Grep-like tool for dataframes using Narwhals
Project description
nwgrep
Grep-like tool for dataframes that works with pandas, polars, and any other backend supported by Narwhals.
Installation
uv add nwgrep
With specific backends:
uv add nwgrep[pandas] # pandas support
uv add nwgrep[polars] # polars support
uv add nwgrep[dask] # dask support
uv add nwgrep[cudf] # cuDF (GPU) support
uv add nwgrep[all] # all major backends
Or using pip:
pip install nwgrep
Usage
Method 1: Direct Function Call
from nwgrep import nwgrep
import pandas as pd
df = pd.DataFrame({
"name": ["Alice", "Bob", "Eve"],
"status": ["active", "locked", "active"],
})
result = nwgrep(df, "active")
print(result)
name status
0 Alice active
2 Eve active
Method 2: Using .pipe() (Pandas/Polars Style)
# Works with any backend!
result = df.pipe(nwgrep, "active")
# Beautiful chaining
result = (
df
.pipe(nwgrep, "active")
.pipe(lambda x: x.sort_values('name', ascending=False))
)
print(result)
name status
2 Eve active
0 Alice active
Method 3: Accessor Pattern (df.grep)
from nwgrep import register_grep_accessor
import pandas as pd
# Register once at start of your script/notebook
register_grep_accessor()
df = pd.DataFrame({
"name": ["Alice", "Bob", "Eve"],
"status": ["active", "locked", "active"],
})
# Now you can use .grep() directly!
result = df.grep("active")
result = df.grep("ACTIVE", case_sensitive=False)
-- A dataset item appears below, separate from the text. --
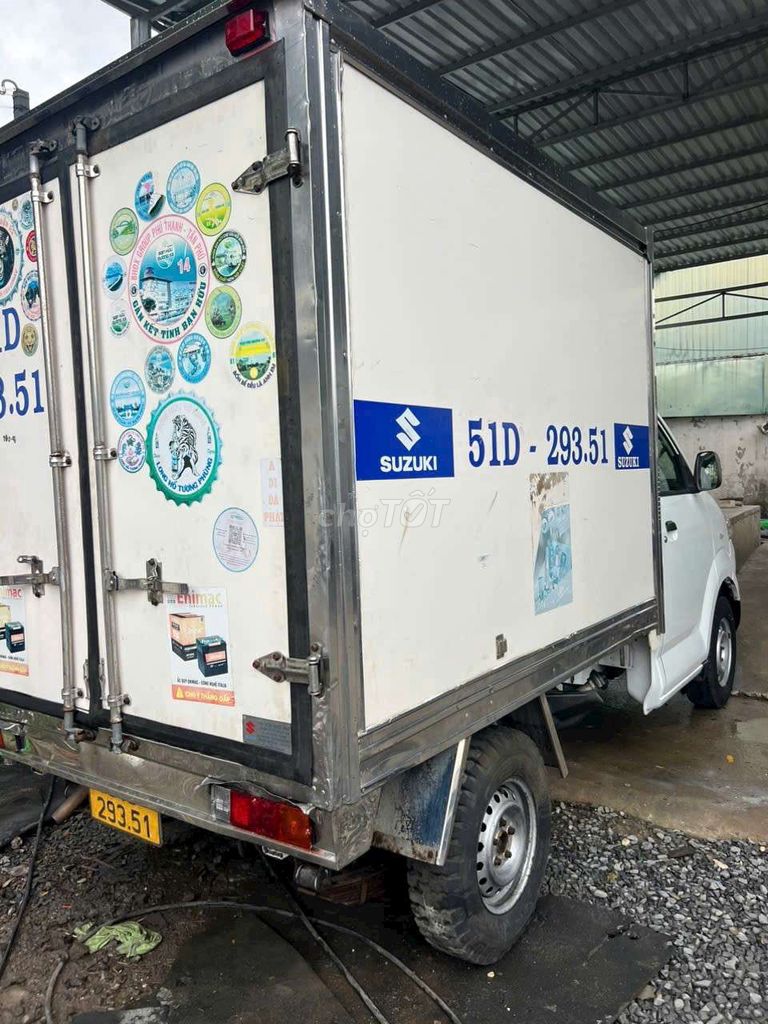 Bán Gấp suzuki 650kg đời 2016 thùng kín 2m2. Mua bán Xe tải, xe ben tại Thành phố Thuận An Bình Dương được đăng bởi Hồ Xe Tải hình 2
result = df.grep("active", columns=["status"])
Works with both pandas and polars:
import polars as pl
from nwgrep import register_grep_accessor
register_grep_accessor()
df = pl.DataFrame({
"name": ["Alice", "Bob", "Eve"],
"status": ["active", "locked", "active"],
})
# Same syntax!
result = df.grep("active")
Method 4: Narwhals Plugin Integration
nwgrep is fully Narwhals-compliant. This means you can use it directly with Narwhals objects, and it will be auto-discovered as a plugin by other Narwhals-based tools.
import narwhals as nw
import pandas as pd
from nwgrep import nwgrep
# nwgrep handles Narwhals objects natively and returns Narwhals objects
df = nw.from_native(pd.DataFrame({"col": ["foo", "bar"]}))
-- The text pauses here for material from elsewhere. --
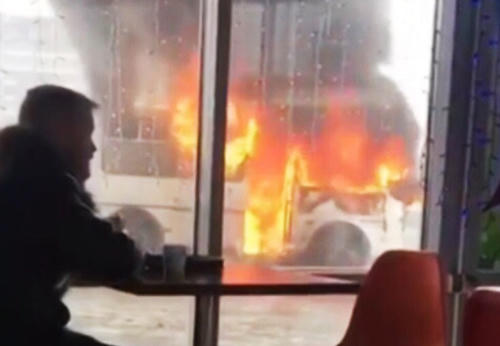 Xe bus cháy bùng bùng bên ngoài, thực khách vẫn bình thản ngồi ăn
result = nwgrep(df, "foo")
print(type(result)) # <class 'narwhals.dataframe.DataFrame'>
All Search Options
# Case-insensitive search
df.grep("ACTIVE", case_sensitive=False)
# Invert match (like grep -v)
df.grep("active", invert=True)
# Search specific columns only
df.grep("example.com", columns=["email"])
# Regex search
df.grep(r".*@example\.com", regex=True)
# Multiple patterns (OR logic)
df.grep(["Alice", "Bob"])
# Whole word matching
df.grep("active", whole_word=True)
Command Line
# Basic search
uv run nwgrep "error" logfile.parquet
# Case insensitive
uv run nwgrep -i "warning" data.feather
# Invert match
uv run nwgrep -v "success" data.parquet
# Regex search
uv run nwgrep -E "err(or|!)?" data.parquet
# Search specific columns
uv run nwgrep --columns name,email "alice" users.feather
# Limit output rows
uv run nwgrep -n 10 "pattern" large_file.parquet
# Output as NDJSON (Streams lazily if polars is installed!)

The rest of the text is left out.